Telomeres are the repetitive DNA caps at the ends of chromosomes that shorten with every cell division and reflect cumulative cellular replicative history. Average leukocyte telomere length is a population-level aging proxy that correlates with chronological age, chronic-disease incidence, and mortality in large cohorts. Individual measurements are noisy enough that single readings should be interpreted as a trend across years, not as a precise diagnostic number.

Optimal range
Range varies by individual.
Test frequency
Once at baseline, then every two to three years if you choose to track it. Most longevity-tracking budgets are better spent on epigenetic age and PhenoAge composites, which track mortality risk more tightly and respond faster to interventions.
When to measure
Take an informed baseline once, ideally after a stable period (no recent acute illness, no recent intense training block, normal stress). Re-measure every two to three years to track trajectory. More frequent measurement is wasted because within-person noise dominates short intervals. Avoid measuring during acute illness or immediately after major life stress, which transiently shifts the result.
How to measure
Commercial leukocyte telomere length tests via quantitative PCR or flow-FISH are available from Life Length, Repeat Diagnostics, and TeloYears at $100–$400. Saliva-based variants are slightly less accurate than blood. Methodologies vary substantially between labs, so stick with one provider for trend comparisons. Report formats give an average length in kilobases and a percentile against age-matched reference cohort.

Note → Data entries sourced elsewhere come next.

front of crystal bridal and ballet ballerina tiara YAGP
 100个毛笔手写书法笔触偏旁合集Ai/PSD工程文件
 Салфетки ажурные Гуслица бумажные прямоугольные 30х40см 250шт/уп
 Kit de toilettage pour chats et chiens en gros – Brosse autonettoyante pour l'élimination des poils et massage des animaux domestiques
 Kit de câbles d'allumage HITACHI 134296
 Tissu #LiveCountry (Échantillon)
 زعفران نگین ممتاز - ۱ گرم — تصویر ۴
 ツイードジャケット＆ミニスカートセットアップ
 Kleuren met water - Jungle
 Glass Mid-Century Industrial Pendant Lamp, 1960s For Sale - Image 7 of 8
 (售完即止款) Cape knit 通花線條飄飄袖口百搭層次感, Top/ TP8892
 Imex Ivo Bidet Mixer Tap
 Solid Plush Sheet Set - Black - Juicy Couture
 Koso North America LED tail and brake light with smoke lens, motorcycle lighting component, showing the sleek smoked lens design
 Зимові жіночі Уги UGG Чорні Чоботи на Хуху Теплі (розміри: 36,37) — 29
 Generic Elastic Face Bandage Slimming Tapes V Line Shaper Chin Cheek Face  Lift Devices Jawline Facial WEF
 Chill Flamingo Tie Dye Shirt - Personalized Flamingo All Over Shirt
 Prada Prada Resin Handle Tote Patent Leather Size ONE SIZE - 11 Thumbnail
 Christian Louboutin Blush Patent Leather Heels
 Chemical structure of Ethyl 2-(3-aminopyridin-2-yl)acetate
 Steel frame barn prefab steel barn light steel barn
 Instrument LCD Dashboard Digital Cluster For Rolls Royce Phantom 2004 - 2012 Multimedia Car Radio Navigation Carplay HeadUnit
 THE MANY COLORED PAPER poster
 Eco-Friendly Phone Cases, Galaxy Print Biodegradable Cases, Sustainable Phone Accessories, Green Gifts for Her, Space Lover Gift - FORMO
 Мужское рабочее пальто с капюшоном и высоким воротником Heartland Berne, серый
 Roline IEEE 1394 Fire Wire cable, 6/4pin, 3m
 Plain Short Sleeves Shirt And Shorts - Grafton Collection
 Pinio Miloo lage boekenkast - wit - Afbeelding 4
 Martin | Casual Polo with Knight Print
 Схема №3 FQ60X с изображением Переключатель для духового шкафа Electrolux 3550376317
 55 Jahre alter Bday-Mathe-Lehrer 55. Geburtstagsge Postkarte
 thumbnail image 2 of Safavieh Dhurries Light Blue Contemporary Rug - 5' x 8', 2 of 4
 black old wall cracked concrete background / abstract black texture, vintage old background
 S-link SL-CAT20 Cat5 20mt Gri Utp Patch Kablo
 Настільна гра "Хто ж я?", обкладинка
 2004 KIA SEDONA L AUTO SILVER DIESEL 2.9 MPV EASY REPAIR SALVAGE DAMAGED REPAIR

Why this biomarker matters

Across cohorts of healthy adults, shorter age-adjusted telomere length associates with higher risk of cardiovascular disease, type 2 diabetes, certain cancers, and all-cause mortality. The relationship is consistent in observational data but the effect size per individual measurement is small, partly because population telomere distributions overlap heavily across age decades. Telomere length is also influenced by chronic inflammation, oxidative stress, psychological stress, and sleep, accelerated shortening is one of the few biomarkers that responds to stress-reduction interventions in small randomized trials. Where telomere length adds value over PhenoAge or epigenetic clocks is uncertain. The epigenetic clocks tend to track mortality risk more tightly. Telomere length is more useful as a long-term trend metric, measured every few years against a personal baseline, than as a single-time risk stratifier. Telomerase activators and stress-reduction interventions show small effects in published studies; whether any of these translates into hard outcome benefit is still early-stage and unresolved.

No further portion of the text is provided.